(一)
「ここは大系が安いよな」
「え? ……うん」
ボクがキミに初めて声をかけた瞬間は、ドラマになるほど劇的なものじゃなかった。だいいち、別にそれは初めてでもなかったんだ。
最後の長い夏休みが終わった九月下旬。
同じゼミで卒論の指導を受けてたボクらは、何も変わらない顔で、だけど何かに焦っていた。
「卒論、堤中納言だっけ?」
「うん」
「ボクは…」
「落窪」
まだ影も形もない卒論がもしも書けたなら、ボクらはここを去る。わかりやすく予定された未来にはどこか現実感がない。そう思うのは、書けそうな気がしないから?
それはそうだ。
落窪なんて、好きで選んだわけでもない。それに卒論をどうしても書きたいなんて欲求もなかった。
「どっちの姫君が好き?」
「……さぁ。遠い昔の人だろ」
「ずいぶん醒めてるね」
「じゃあ同じ質問してもいいか?」
「んー…」
だけど気乗りがしようがしまいが、来年の四月にボクはここにいてはいけない。
紆余曲折あったけれど、どうにか就職先も決まった。もうあんな面倒な就活なんてしたくない。
「落窪の少将は、きっと私を見つけてくれないと思う」
「そ……、そんなことはないだろう」
どうせ本を買う気もないアリバイ作り。
なのにカビ臭い本棚の前で動揺したボクは、どこかおかしかった。
坂道を十分下った先のアパートは、いつの間にかがらくたに埋もれている。
田舎を離れてやってきたボクの荷物はバッグ一つ。
薄暗い六畳の部屋で、人間の声が聞きたかったボクはラジオを鳴らした。そんな原体験がこの部屋を作ったのだと、バカな友だちは言っていた。
ボクにとってこの部屋は、積み木遊びのようなものだ。
もしかしたら、鳥の巣作りのほうが近いかも知れないけれど、それは見た目だけ。だって、鳥の巣は子供を育てるためのもの。ここは……、なんだろう。
ままごと遊び。
生活ごっこ。
人はそれをモラトリアムという、らしい。
「源氏のマンガとか読んでんの?」
「全然」
「へぇ」
「そういうのが嫌いだから」
「だから虫愛づる…ねぇ」
四限の卒論ゼミが終わると、ガラガラの食堂へ向かう。
なんとなくボクはキミを誘い、キミはボクを待っていた。
「じゃあ落窪なんてクソ食らえだな」
「うん……、でも」
「ん?」
「落窪を喜んで選ぶ男にはちょっと興味があるから」
「へぇ」
落窪は少女趣味。堤中納言はアブノーマル。
稚拙なやりとりで、少しだけ気分を高めていく。
この街が嫌いだから近代の小説は嫌だ、とキミはいう。
そうだ。そんな気がするとボクも答える。
「継母がかわいそうだとは思うぞ」
「なのに落窪が好きなの?」
「…とりたてて好きってわけじゃない」
ボクはキミとどこかで会っていた? そんなファンタジーはどこにもないけれど、だけどキミとボクはどこか似ているような気がした。

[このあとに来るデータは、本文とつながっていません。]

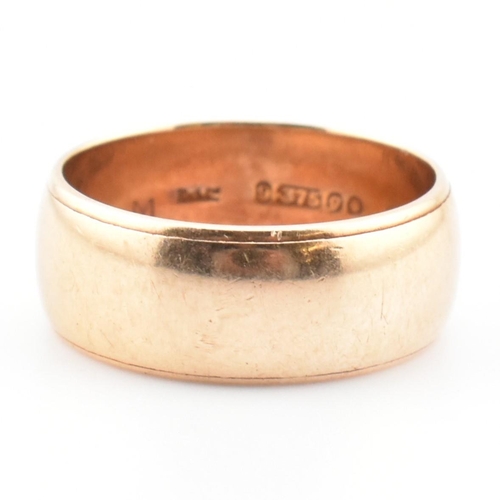 64 - A hallmarked 9ct gold band ring. The 9ct yellow gold band ring hallmarked for London, 1962. Maker's ... 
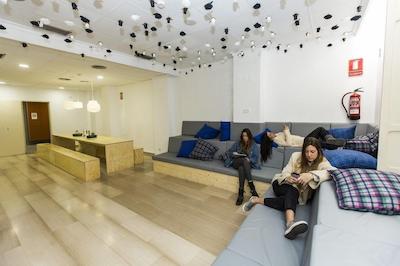 د ریور هستل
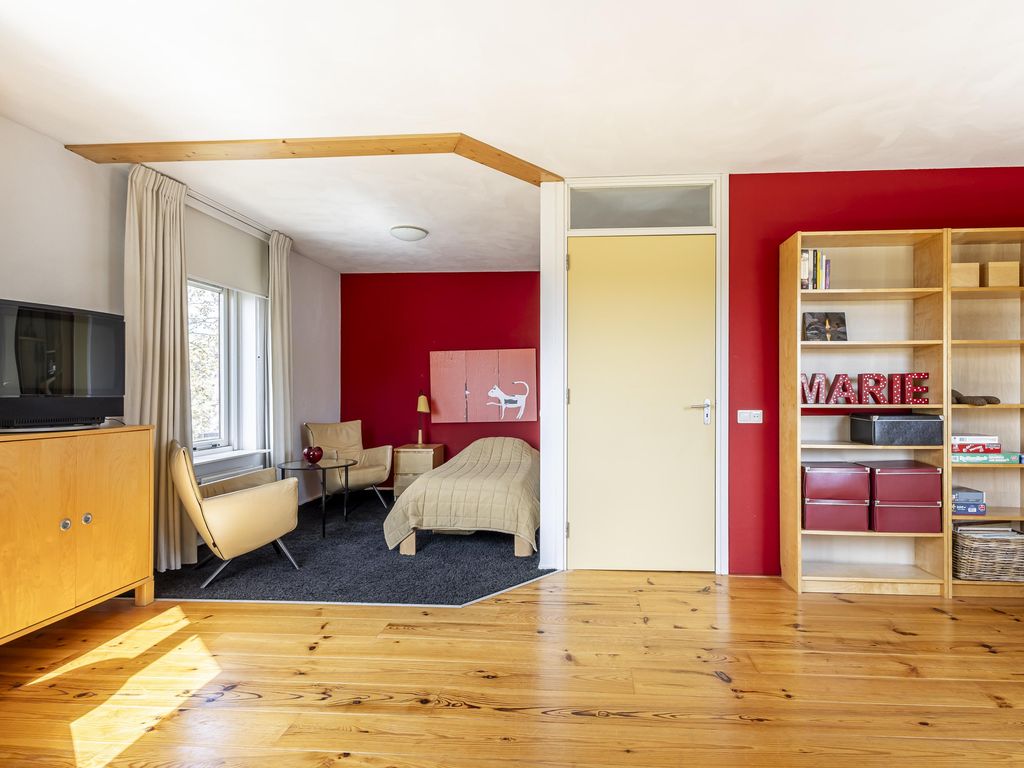 Knobbelzwaan 4, Hardinxveld-Giessendam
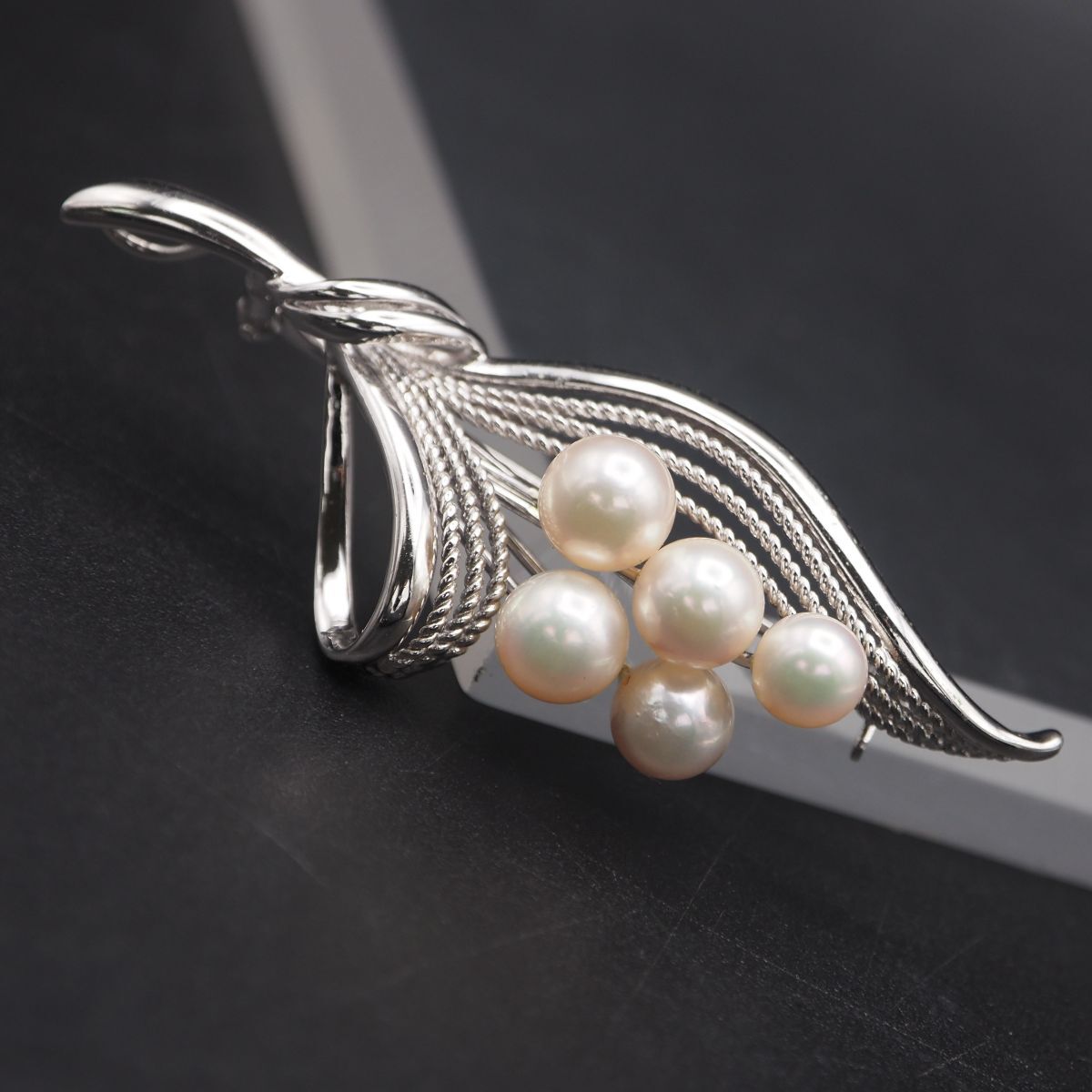 G637 本真珠 5.6-6.7mm5珠 パール SILVER刻印 ブローチ デザイン シルバー コサージュ 6月誕生石拍卖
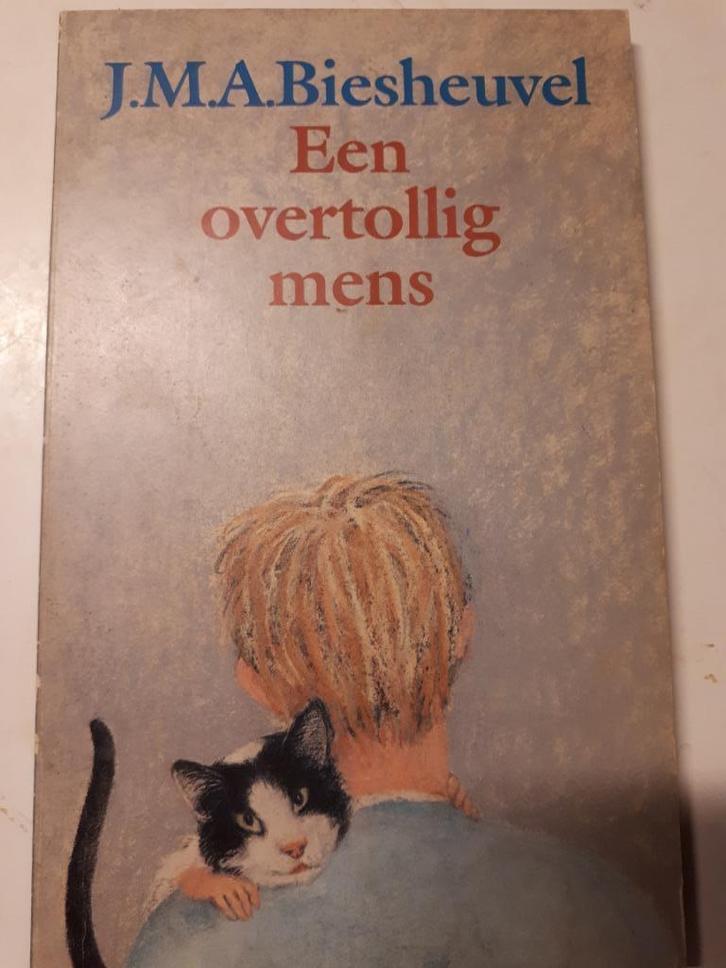 Een overtollig mens - J. M. A. Biesheuvel, Boeken, Literatuur, Gelezen, Ophalen of Verzenden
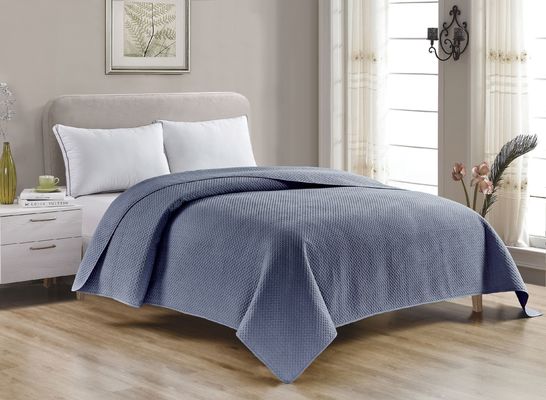 Solid Pattern Ultrasonic Luxury Bedspreads Cationic Polyester Fiber Fluffy Comforter Set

そしてボクは、落窪で書く卒論だって悪くない気がした。
「本当に好きだったら、やっぱり研究できる?」
「さぁ…」
まるで無駄に思えてしまう今の時間。
息を吐くことすら面倒なボクは、いつもつまらない言い訳を用意していた。あまりにもつまらな過ぎて、もう思い出すのも嫌になる言い訳を。
だから次に古本屋で逢った時、キミに本を一冊プレゼントしよう、とつぶやいた。
キミは笑って、それから数日後、茶色の硫酸紙に包まれた本を手に取った。